Another day and another lawsuit against Apple. Apple might just have more lawsuits than the number of iPhones they have released. So back in 2018, a number of MacBook owners in the states of California, New York, Florida, Illinois, New Jersey, Michigan, or Washington, filed suits against Apple. They claimed that the Company knew that their new butterfly-style switches for the MacBook keyboard were defective.

Recently, in an order made on Friday, a judge has granted class-action status to this suit against Apple over their controversial, butterfly keyboard design, agreeing that owners of any affected model in the seven states qualify for this class. Going into further detail, this means that any customer who purchased a 2015-2017 MacBook, a 2016-2019 MacBook Pro, or a 2018-2019 MacBook Air now qualifies for the class. That must be a lot of customers.

The plaintiffs in the suit allegedly claimed that Apple’s actions and some internal documents from the company are enough evidence to show that Apple knew that their new butterfly design was defective from the start. They argued that the company violated several consumer protection laws of the states when it kept selling these defective products to consumers while knowing that they were defective.

The butterfly design controversy has been going on for some time. Apple designed these switches to be thinner, which allowed each key to travel shorter distances when pressed. This saved space inside the chassis and made typing faster. The user response was mixed, some people loved it while some hated it. The bigger problem was that as they made the keys thinner, this made them susceptible to failure especially when dust particles started to gather under them.
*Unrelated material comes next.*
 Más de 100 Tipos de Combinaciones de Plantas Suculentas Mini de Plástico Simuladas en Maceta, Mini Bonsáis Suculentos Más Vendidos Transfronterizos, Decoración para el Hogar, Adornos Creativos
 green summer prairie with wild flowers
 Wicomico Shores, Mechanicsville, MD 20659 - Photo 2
The keys would stop working and even required the whole keyboard to be replaced (another money-making strategy perhaps?). A report in 2018, noted that MacBooks needed keyboard repairs at least 40% more often after the butterfly switches were released. But in June 2018, Apple acknowledged the problem and launched a keyboard service program that allowed affected users to get their keyboards repaired or replaced free of charge. Good guy Apple.

By the way, as of 2020, the butterfly switches are gone from the entire MacBook lineup.